ANISOTROPIC SOLUTE SOLVENT INTERACTIONS IN LIQUID-CRYSTALS - AN ANALYSIS OF DIPOLAR AND QUADRUPOLAR COUPLINGS OF METHANE IN NEMATIC SOLVENTS

The most complete sets of available dipolar and quadrupolar couplings obtained from the NMR spectra of methane and its deuterated analogs dissolved in two different liquid crystals are analyzed. The analyses are based on a generalized theory for the correlation between the vibration and rotation of partially oriented molecules, which retains the quadratic terms in the Taylor series describing the functional dependence of the orienting forces on the vibrational normal coordinates. These quadratic terms are essential for the cases where vibrational effects (e.g., isotope effects) on the molecular orientation are of importance. In both liquid crystals all the 17 couplings can be reproduced by three adjustable parameters which describe the forces acting on the CH or CD bonds. However, the resulting forces are unexpectedly strong, and physically more plausible solutions are obtained by allowing for an additional parameter B(dp) + B(ext). B(dp) and B(ext) are contributions to quadrupolar couplings arising from direct perturbations of the molecular electron distribution and external electric field gradient due to the neighboring molecules, respectively.
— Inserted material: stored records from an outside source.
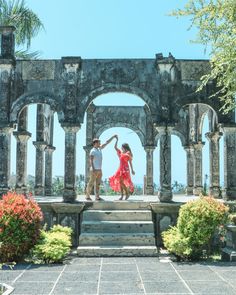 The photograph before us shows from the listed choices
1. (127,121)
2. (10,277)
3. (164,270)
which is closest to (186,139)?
(127,121)

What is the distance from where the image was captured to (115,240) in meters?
10.6

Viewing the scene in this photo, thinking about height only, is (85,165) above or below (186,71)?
below

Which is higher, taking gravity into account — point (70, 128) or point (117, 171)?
point (70, 128)

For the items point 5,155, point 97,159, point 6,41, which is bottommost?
point 97,159

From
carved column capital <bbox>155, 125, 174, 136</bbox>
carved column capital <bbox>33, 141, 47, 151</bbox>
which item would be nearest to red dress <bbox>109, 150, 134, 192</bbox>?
carved column capital <bbox>155, 125, 174, 136</bbox>

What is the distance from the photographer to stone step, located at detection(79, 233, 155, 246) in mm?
10570

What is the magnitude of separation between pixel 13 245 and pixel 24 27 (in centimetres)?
1306

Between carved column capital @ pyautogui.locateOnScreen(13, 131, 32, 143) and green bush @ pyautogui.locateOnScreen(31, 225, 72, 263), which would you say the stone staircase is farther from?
carved column capital @ pyautogui.locateOnScreen(13, 131, 32, 143)

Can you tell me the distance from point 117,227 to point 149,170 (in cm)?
1055

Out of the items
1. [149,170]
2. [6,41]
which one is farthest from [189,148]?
[6,41]

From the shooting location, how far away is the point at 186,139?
2147 cm

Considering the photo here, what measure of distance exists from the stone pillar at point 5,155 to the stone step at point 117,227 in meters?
2.68

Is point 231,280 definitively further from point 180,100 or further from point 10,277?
point 180,100

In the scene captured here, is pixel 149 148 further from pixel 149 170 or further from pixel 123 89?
pixel 123 89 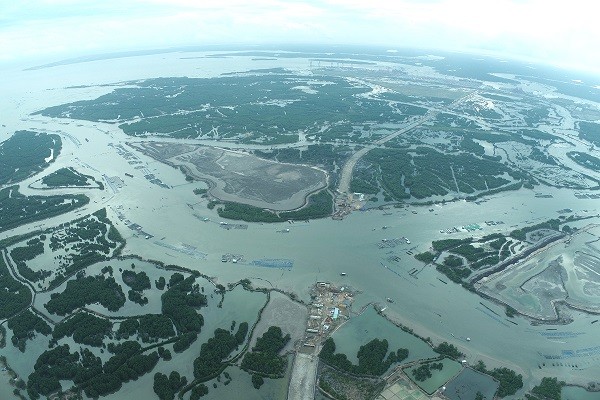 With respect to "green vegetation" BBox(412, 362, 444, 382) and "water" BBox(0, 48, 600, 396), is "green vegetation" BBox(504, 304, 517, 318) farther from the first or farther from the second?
"green vegetation" BBox(412, 362, 444, 382)

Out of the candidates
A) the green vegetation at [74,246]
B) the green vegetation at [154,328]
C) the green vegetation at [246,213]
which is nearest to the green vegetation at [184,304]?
the green vegetation at [154,328]

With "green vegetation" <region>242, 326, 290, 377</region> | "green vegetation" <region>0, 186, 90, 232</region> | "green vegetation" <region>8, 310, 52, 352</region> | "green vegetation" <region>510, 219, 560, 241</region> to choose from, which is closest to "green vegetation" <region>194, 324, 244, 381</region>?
"green vegetation" <region>242, 326, 290, 377</region>

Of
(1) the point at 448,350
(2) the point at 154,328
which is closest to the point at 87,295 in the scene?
(2) the point at 154,328

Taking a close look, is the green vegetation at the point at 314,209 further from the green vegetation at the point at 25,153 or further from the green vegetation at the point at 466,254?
the green vegetation at the point at 25,153

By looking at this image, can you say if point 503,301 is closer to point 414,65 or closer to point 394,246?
point 394,246

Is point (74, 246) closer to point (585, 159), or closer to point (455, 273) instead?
point (455, 273)

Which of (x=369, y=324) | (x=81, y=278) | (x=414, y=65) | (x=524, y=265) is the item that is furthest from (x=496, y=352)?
(x=414, y=65) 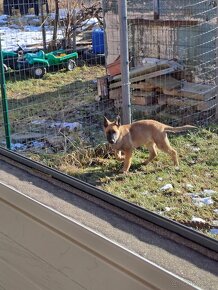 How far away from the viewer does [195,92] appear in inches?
253

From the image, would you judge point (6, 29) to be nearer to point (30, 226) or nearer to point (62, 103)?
point (62, 103)

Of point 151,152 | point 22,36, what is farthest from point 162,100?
point 22,36

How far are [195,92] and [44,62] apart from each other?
383cm

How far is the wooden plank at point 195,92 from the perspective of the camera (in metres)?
6.40

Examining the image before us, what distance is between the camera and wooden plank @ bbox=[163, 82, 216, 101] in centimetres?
640

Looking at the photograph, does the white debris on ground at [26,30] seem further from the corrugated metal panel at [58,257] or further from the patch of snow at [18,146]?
the corrugated metal panel at [58,257]

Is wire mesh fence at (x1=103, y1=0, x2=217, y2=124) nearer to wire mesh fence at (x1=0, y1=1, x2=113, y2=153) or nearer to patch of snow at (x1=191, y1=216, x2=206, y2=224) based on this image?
wire mesh fence at (x1=0, y1=1, x2=113, y2=153)

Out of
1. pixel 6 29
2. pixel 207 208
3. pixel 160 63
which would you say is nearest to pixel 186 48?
pixel 160 63

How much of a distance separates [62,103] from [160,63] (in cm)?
163

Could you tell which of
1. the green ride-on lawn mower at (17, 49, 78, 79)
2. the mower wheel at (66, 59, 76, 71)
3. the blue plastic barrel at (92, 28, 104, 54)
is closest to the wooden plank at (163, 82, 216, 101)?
the green ride-on lawn mower at (17, 49, 78, 79)

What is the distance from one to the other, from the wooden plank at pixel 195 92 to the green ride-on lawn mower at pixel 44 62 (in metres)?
3.47

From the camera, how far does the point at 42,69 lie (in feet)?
30.9

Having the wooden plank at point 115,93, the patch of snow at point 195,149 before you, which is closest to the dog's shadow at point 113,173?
the patch of snow at point 195,149

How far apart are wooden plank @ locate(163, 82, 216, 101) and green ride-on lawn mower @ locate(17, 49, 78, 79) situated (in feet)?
11.4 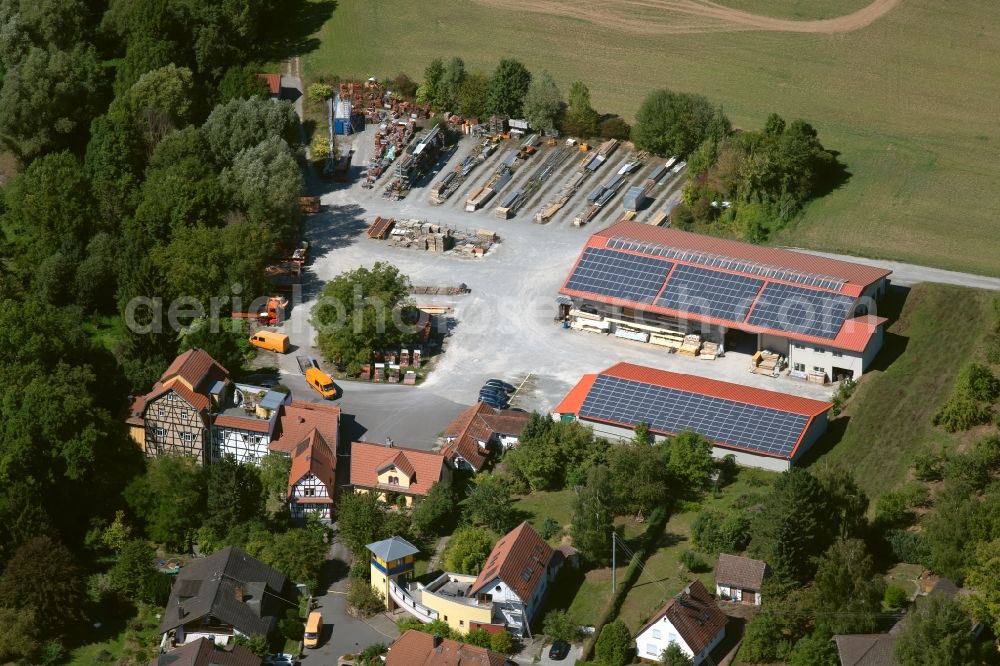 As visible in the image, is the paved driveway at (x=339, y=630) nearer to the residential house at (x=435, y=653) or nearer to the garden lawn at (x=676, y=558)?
the residential house at (x=435, y=653)

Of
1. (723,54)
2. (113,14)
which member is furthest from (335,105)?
(723,54)

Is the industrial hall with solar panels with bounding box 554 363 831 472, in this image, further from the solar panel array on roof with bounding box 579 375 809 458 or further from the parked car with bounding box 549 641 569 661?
the parked car with bounding box 549 641 569 661

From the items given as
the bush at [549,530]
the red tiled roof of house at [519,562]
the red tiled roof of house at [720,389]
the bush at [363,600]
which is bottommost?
the bush at [363,600]

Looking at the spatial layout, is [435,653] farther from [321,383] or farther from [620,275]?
[620,275]

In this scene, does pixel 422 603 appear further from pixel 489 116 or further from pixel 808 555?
pixel 489 116

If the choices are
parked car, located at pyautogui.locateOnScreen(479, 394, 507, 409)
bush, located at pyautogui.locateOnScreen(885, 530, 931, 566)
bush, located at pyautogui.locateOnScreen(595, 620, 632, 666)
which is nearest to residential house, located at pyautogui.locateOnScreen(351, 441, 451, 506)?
parked car, located at pyautogui.locateOnScreen(479, 394, 507, 409)

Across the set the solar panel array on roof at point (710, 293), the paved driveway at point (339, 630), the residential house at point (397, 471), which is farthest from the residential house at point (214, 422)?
the solar panel array on roof at point (710, 293)

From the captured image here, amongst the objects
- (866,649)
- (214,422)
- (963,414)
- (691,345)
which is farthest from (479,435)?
(866,649) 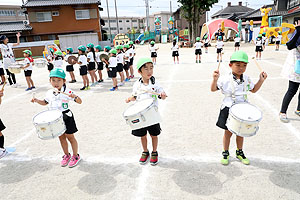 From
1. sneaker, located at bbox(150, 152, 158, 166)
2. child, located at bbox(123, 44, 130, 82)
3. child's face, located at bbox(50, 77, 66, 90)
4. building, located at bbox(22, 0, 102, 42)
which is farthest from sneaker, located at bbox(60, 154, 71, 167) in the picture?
building, located at bbox(22, 0, 102, 42)

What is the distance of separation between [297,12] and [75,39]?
27.0m

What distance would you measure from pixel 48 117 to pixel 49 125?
6.6 inches

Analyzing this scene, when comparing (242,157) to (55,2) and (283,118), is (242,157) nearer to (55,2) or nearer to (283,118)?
(283,118)

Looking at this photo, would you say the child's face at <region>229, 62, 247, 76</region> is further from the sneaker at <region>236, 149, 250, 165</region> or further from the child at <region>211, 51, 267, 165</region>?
the sneaker at <region>236, 149, 250, 165</region>

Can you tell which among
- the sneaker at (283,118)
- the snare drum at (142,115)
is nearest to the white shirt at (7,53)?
the snare drum at (142,115)

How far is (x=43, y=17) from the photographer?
30.1 meters

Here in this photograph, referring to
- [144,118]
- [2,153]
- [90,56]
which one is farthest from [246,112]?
[90,56]

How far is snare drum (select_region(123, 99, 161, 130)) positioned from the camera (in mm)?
2656

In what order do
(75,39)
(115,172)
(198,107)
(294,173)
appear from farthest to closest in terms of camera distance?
(75,39)
(198,107)
(115,172)
(294,173)

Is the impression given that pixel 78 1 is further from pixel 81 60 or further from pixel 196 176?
pixel 196 176

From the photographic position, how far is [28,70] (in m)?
8.46

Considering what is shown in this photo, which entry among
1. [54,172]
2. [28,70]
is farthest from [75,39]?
[54,172]

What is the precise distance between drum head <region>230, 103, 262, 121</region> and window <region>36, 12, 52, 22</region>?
33.7 metres

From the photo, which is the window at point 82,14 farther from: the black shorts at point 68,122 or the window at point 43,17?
the black shorts at point 68,122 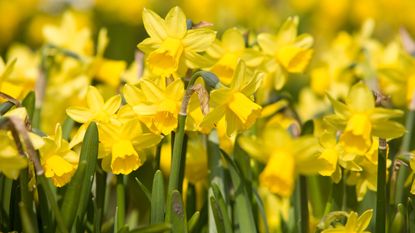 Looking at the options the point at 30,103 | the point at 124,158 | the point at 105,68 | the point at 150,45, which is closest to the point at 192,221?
the point at 124,158

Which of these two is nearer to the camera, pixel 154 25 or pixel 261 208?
pixel 154 25

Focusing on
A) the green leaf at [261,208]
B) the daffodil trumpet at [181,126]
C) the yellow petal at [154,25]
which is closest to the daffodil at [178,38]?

The values of B(dp) + B(ext) corresponding to plausible solutions can be rationalized in terms of (1) orientation dependent direct perturbations of the order of 0.5% on the quadrupole coupling constant of the deuteron, or (2) an external field gradient produced by the quadrupole moments of the liquid crystal molecules surrounding a cylindrical cavity which encloses the methane molecule. Independent values of B(ext), estimated previously by the quadrupolar couplings of the hydrogen molecule, are strikingly similar to the present values of B(dp) + B(ext). The results appear to be consistent with two different physical interpretations: the anisotropic forces experienced by the methane molecule may be dominated by (1) the van der Waals forces acting on its atoms, or (2) the interaction between its quadrupole moment and the external field gradient. The result also lend support to the assumption that the molecular distortions due to a liquid crystal environment are normally dominated by bond-bending deformations.